The differences between isomers are centred around the 1,3-dioxalane ring. Both the 2S isomers project the methyl towards Y126 but away from the heme whereas the 2R isomers have the methyl group projecting towards the heme (Fig 4C downwards and upwards respectively). Y126 forms a hydrogen bond with the heme propionate as well as the amide nitrogen of F384. Like the dioxolane moiety in ITC [20], the 4-methyl-1,3-dioxolane ring of DFC occupies the position where the key water 743 is found in the presence of FLC, R- and S-DPZ. The residue M509 projects into the binding site adjacent to H381 when compared to other structures, indicating a degree of flexibility around this position only previously seen in the ScErg11p6×His-VRC structure (PDB ID:5HS1) [22]. The elasticity at this position is generally dependent on the size of the inhibitor, with larger medium and long chain azoles occupying the space.

Susceptibilities to azole inhibitors

The susceptibility to azole compounds of S. cerevisiae AD3Δ strains overexpressing Erg11p6×His wild type and Y140F/H, but with the native ERG11 deleted, as well as the host strain (AD2Δ) which retained the wild type ERG11 (S2 Table), were measured as MIC50 values (Table 1). MIC50 values for the four sets of enantiomers reveal the more active inhibitors to be S-TBZ, S-PTZ, S-DPZ with the S and R enantiomers of oxo-PTZ [26] being weakly equipotent. PTZ has been reported to be a prodrug for DPZ [27]. We observed 8.7 fold (0.64 ± 0.11 μM) and 11.9 fold (0.87 ± 0.06 μM) reduction in susceptibility to S-TBZ in the Y140F and Y140H mutant strains respectively. There was a similar but less dramatic trend for the less active R-TBZ. There was a 3.3 fold (0.28 ± 0.02 μM) and a 4.3 fold (1.2 ± 0.2 μM) reduction in susceptibility to S-PTZ in the Y140F and Y140H mutant strains respectively. There was only a 2 fold reduction in susceptibility to R-PTZ in the Y140H mutant strain with no change seen in the Y140F strain.
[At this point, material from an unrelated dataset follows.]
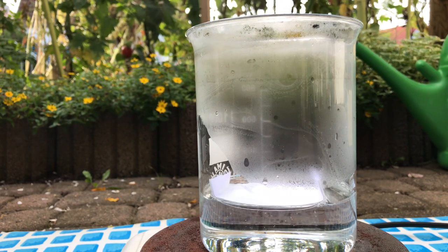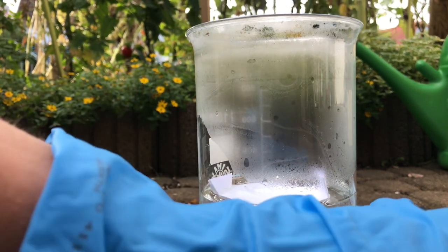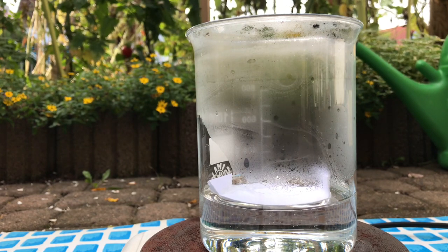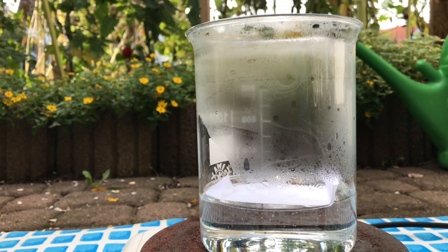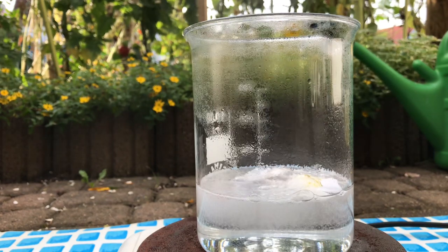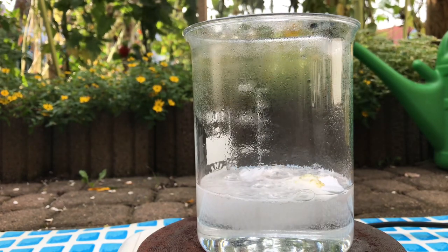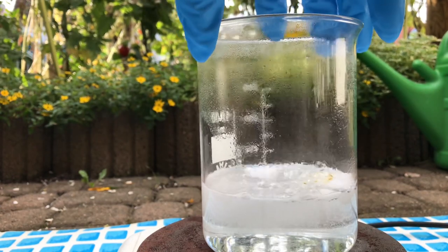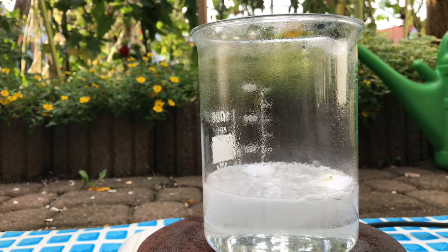It immediately starts to bubble a lot. But it's not enough — let me heat that up. It was actually the case that we hadn't added enough sulfuric acid, and now that problem has been fixed. The paper immediately starts to dissolve leaving no residue behind.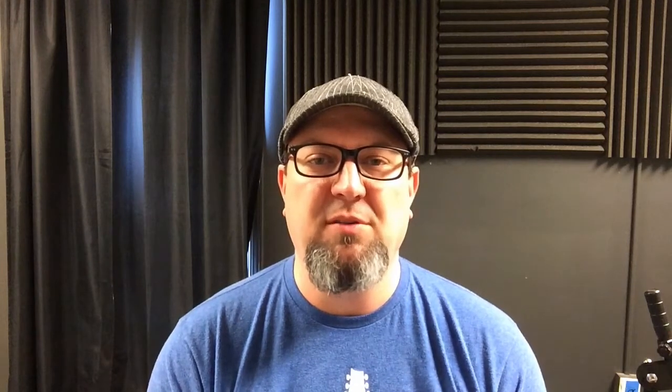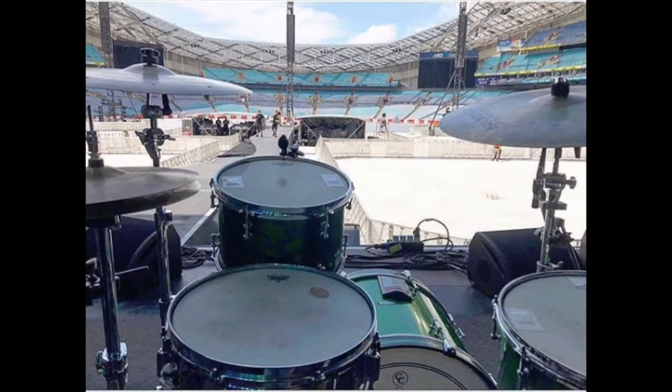The next thing is making sure we're getting video. Video limits some of your placement options because we have to be able to see you play the drums, but we want the recordings to sound good and look good. Place the phone across the room from the drum set, as far as you can get it, but don't place it so far away that you look really tiny. Have it a good distance that minimizes audio transients from your drum set, and make sure your drums look nice in the shot too.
The PTZ metabolite, S-DPZ produced a 4.6 fold (0.073 ± 0.016 μM) and 3 fold (0.048 ± 0.009 μM) reduction is susceptibility against the Y140F and Y140H mutant strains respectively. A 2.3 fold reduction was seen for the less active R-DPZ against both mutant strains. The weak inhibitor oxo-PTZ shows no difference in susceptibilities between enantiomers. FQZ shows a similar potency (0.40 ± 0.05 μM) to the prodrug S-PTZ. Again we observed 8.3 fold (3.3 ± 0.7 μM) and 4 fold (1.6 ± 0.5 μM) reduction in susceptibility to FQZ in the Y140F and Y140H mutant strains respectively. PRZ is less active (1.9 ± 0.5 μM) with reduced susceptibility (2.3 fold and 3.5 fold) to Y140F and Y140H mutant strains respectively. DFC is the second most potent compound in our assay (behind S-DPZ) but also shows 5.2 fold (0.243 ± 0.003 μM) and 5 fold (0.237 ± 0.003 μM) reduced susceptibility against the Y140F and Y140H mutant strains respectively. All compounds showed significantly lower MIC50 values when tested with the AD2Δ strain expressing the native Erg11p, which led to higher fold differences in susceptibility and showed that the overexpressed enzyme was functional.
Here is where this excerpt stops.